_DATA FOR REVIEW_:
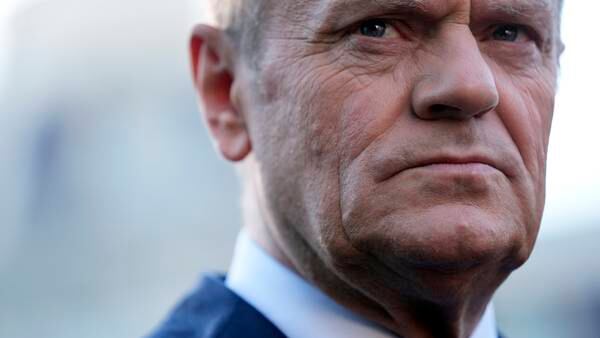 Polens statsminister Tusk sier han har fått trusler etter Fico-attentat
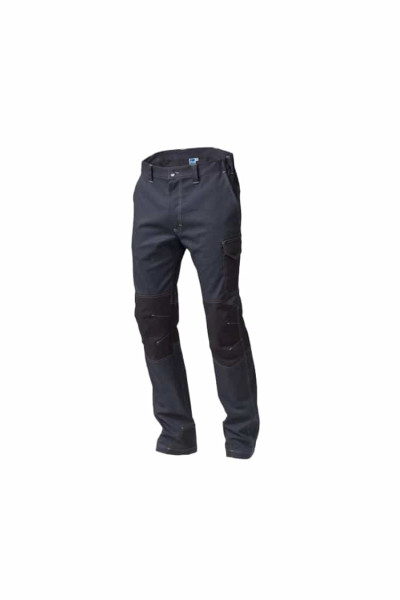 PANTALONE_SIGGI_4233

...

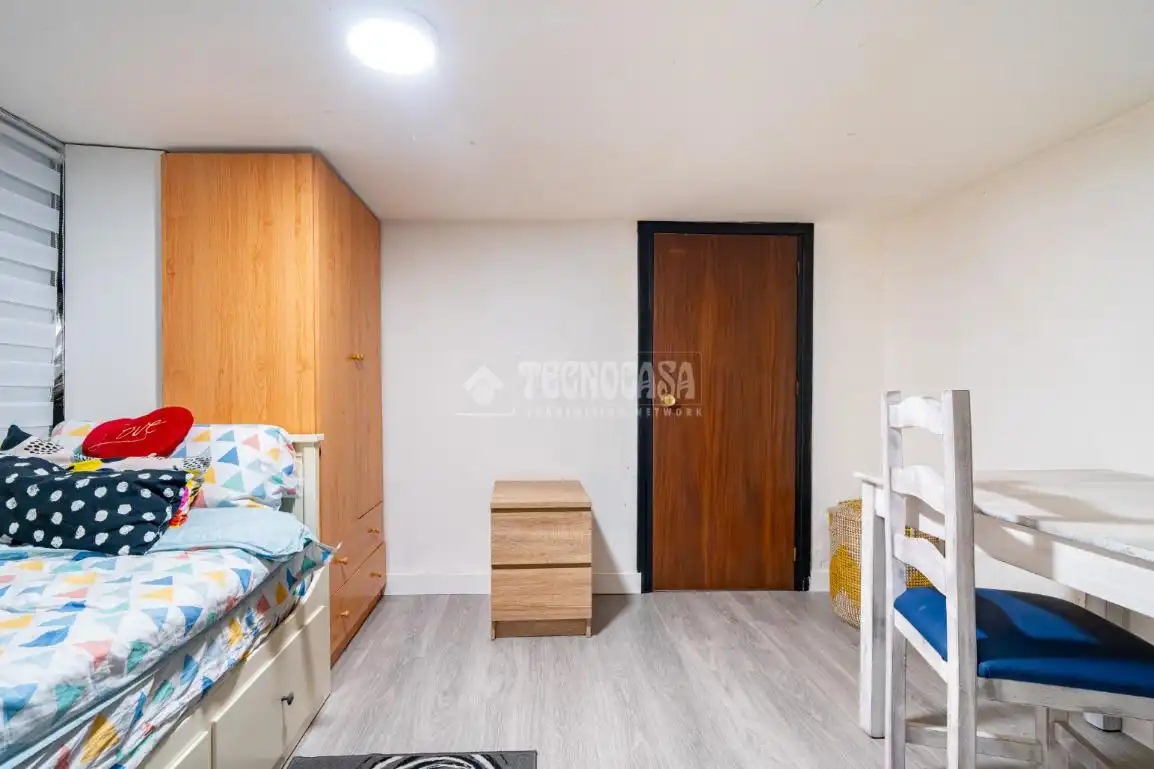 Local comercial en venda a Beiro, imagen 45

_YOUR TASK_: Copy everything above from the line holding "Polens statsminister Tusk" down to the line holding "PANTALONE_SIGGI_4233", both ends included, exactly as it stands and without the pictures.

_WRITTEN SOLUTION_:
 Polens statsminister Tusk sier han har fått trusler etter Fico-attentat
 PANTALONE_SIGGI_4233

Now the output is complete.